Passive & Active Diffusing: Part Two

Last month, I wrote about Passive Diffusion using, for example, Wood or Aromatherapy Jewelry. You can read about this by going to ljturtle.com and keyword searching “Passive Diffusing’. This month, I finish out my discussion on diffusing by discussing the ins and outs of Active Diffusion.

Active Diffusion: Most folks know this aroma-tool as a diffuser — the old- school diffuser method is a candle beneath a glass, metal or ceramic vessel that holds water and your essential oils. As the candle warms the water, the essential oils and their aromas are released. While this works in a pinch, do know that heat quickly causes the volatile molecules in an essential oil to evaporate – this means the aroma will not last very long. Also, heat changes the aroma and chemical structure of essential oils.

A popular method of active diffusing is using a nebulizer. A nebulizer uses a particular technology that vibrates water and essential oils at a very high frequency, thus blending water and oil and sending this mix out into the room as a cool mist. There are some very specific safety issues and efficacy issues to consider when using this method of active diffusing.

One, it is easy to overwhelm your sense of smell. Follow the manufacturer’s instructions for how many drops to add to your particular model. Each model will have a different water capacity and therefore requires more or less drops of essential oil.

Two, when shopping for a nebulizer, choose one with a timer.
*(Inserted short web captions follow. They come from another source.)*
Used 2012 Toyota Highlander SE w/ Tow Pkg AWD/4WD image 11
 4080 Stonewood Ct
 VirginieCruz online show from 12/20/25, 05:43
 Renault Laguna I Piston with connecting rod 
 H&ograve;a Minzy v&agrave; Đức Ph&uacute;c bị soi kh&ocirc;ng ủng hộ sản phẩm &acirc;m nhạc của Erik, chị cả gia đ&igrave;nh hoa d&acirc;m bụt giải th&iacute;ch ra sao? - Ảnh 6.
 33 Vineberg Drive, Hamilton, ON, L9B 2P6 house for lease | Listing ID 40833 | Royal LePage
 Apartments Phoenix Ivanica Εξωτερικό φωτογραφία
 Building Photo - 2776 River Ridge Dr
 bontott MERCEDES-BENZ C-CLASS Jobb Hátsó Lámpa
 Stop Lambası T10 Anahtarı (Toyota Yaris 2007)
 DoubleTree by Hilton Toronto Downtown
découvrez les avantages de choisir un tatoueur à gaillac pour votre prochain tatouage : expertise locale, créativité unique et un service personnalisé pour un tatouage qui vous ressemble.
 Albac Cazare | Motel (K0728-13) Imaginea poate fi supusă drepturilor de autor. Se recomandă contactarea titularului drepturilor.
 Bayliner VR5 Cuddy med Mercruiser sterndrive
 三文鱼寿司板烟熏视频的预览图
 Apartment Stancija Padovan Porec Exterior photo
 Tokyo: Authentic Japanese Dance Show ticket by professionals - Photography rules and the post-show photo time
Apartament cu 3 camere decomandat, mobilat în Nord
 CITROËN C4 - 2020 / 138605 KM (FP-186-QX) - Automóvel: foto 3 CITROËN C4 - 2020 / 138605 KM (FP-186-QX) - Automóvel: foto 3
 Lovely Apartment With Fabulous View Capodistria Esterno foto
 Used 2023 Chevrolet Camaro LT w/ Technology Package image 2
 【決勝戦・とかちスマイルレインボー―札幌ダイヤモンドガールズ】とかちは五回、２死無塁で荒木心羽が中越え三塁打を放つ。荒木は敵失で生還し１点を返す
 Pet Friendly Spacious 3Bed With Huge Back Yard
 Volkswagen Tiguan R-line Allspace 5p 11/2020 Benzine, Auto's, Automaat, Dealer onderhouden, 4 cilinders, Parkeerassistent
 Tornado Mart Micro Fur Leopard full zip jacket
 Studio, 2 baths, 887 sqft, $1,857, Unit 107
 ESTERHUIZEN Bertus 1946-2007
As we discussed last month, as soon as you breathe in essential oils, the aromatic molecules enter your bloodstream. Diffusing non-stop may overwhelm your olfactory system and those sharing your breathing space. As soon as these aromatic molecules enter your bloodstream, they start to do their ‘work’ (for example, on your mood), and will do so for approximately 20-90 minutes. It is therefore unnecessary and an overuse of aromatic essential oils to diffuse non-stop. Save money, your essential oils and longevity of your nebulizer while using aromatherapy safely! The more timer options the better. Most I have seen have a 1-hour timer. You can also set a reminder on your phone – as little as 5 minutes of diffusing at a time has been shown to be effective. Keep in mind what your intended purpose for diffusing is. For example, during cold and flu season you may want to increase the frequency you diffuse. I routinely run my nebulizer at 1-hour intervals throughout my day, changing up the blend as my day progresses.

Three, be aware of who else shares your breathing space. Babies, children, pets and anyone not easily mobile will be exposed to and affected by the aromas diffused into the air. Pets need an escape route, so make sure they have one. And you will be responsible for monitoring everyone who is in the room and their response to the aroma.

Other active diffusion choices: The Hubmar Aroma-Pearl uses cold-fusion technology to disperse the aroma into the air; the Wall-Ball is a plug-in device that gently warms a ceramic plate and cotton pad to diffuse; the Car-Scenter uses a similar technology but works with the lighter outlet in your car. I carry these three models by Hubmar, a Canadian company, at the market.